NS : Je n’avais pas envie de faire un reportage. Très modestement, Sidney Lumet m’a beaucoup inspiré avec ses polars sociaux comme Serpico ou Prince of the City dans lesquels un personnage s’inscrit en rupture du système. Notre couple inspectrice/RH se nourrissait aussi beaucoup de la relation Russell Crowe/Al Pacino dans The Insider de Michael Mann. Dans le cinéma français, L’Exercice de l’État de Pierre Schoeller a été une influence : il arrive à créer du cinéma avec un sujet très technique.

Pourquoi critiquer le milieu de l’entreprise en particulier ?

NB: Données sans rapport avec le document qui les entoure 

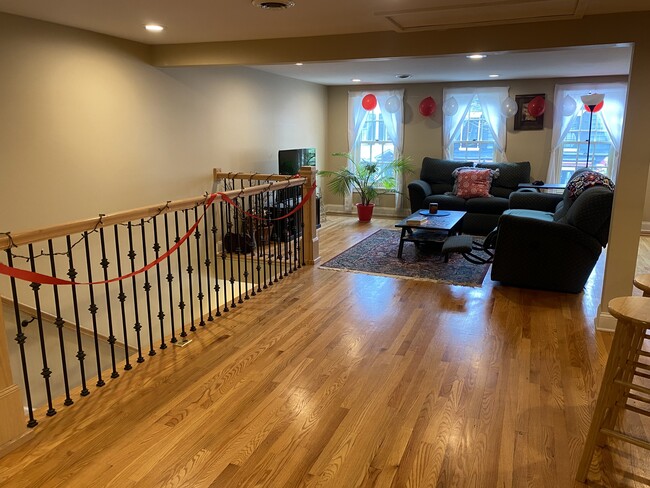 Photo - 28 Dove St Unit 2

NS : Au moment de l'écriture, les systèmes de management par la terreur étaient dans les entreprises privées et commençaient à venir vers le public avec France Télécom. Aujourd’hui, la Poste et l’hôpital sont des secteurs contaminés. Je ne voulais pas en faire un film d’entreprise et souhaitais élargir la problématique qui est la place du travail dans nos vies, pas le suicide en entreprise.

Traiter ce milieu-là et ses codes ont-ils refroidi des producteurs potentiels ?
NS : Le film parle d'un sujet très difficile et délicat, voire un peu tabou. Ceux qui ont embarqué sur le projet le voulaient vraiment comme la Région Auvergne-Rhône-Alpes et Canal Plus. C’était des soutiens indéfectibles. Ils n’étaient pas nombreux : on sentait que les gens ne voulaient pas se mouiller. On a eu beaucoup de mal à trouver des entreprises qui acceptent qu’on filme dans leurs locaux. Au début, j’aurais aimé pouvoir tourner dans de vrais bureaux en Auvergne-Rhône-Alpes. Mais à chaque fois qu’on a eu des touches avec des entreprises, ça coinçait sur le sujet. On a été obligés de travailler sur un plateau nu pour ensuite créer un bureau de toutes pièces.